■ Source material
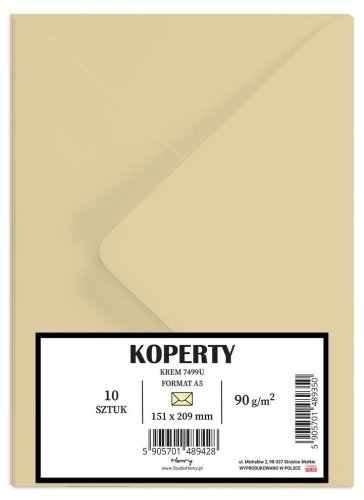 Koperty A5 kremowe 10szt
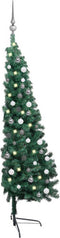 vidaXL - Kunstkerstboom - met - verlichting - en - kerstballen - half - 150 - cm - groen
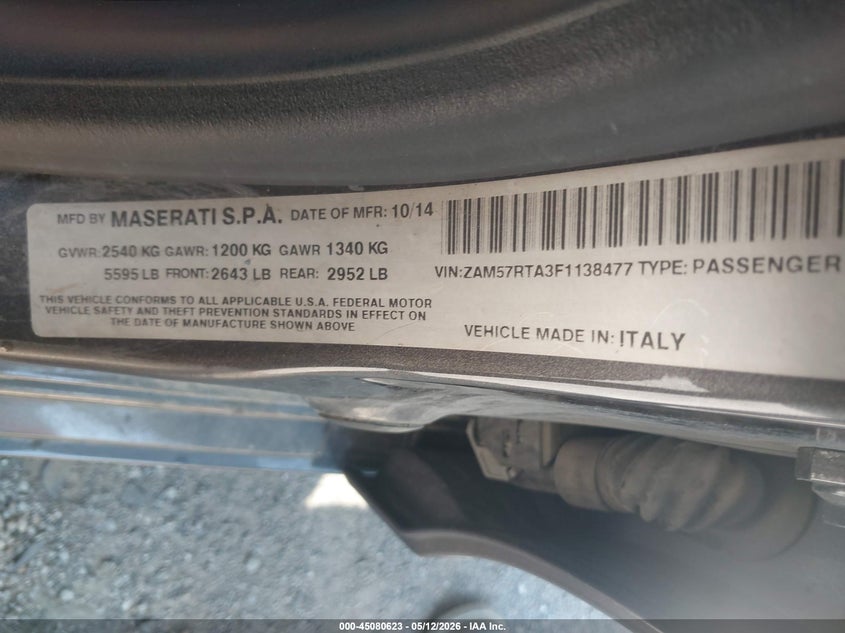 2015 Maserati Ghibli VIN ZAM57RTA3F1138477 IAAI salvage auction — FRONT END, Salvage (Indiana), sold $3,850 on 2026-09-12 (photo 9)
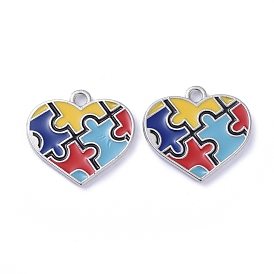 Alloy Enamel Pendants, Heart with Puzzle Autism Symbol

■ What to produce
Set the listing down verbatim, excluding pictures.

■ Solution to this exercise
 Koperty A5 kremowe 10szt
 vidaXL - Kunstkerstboom - met - verlichting - en - kerstballen - half - 150 - cm - groen
 2015 Maserati Ghibli VIN ZAM57RTA3F1138477 IAAI salvage auction — FRONT END, Salvage (Indiana), sold $3,850 on 2026-09-12 (photo 9)
 Alloy Enamel Pendants, Heart with Puzzle Autism Symbol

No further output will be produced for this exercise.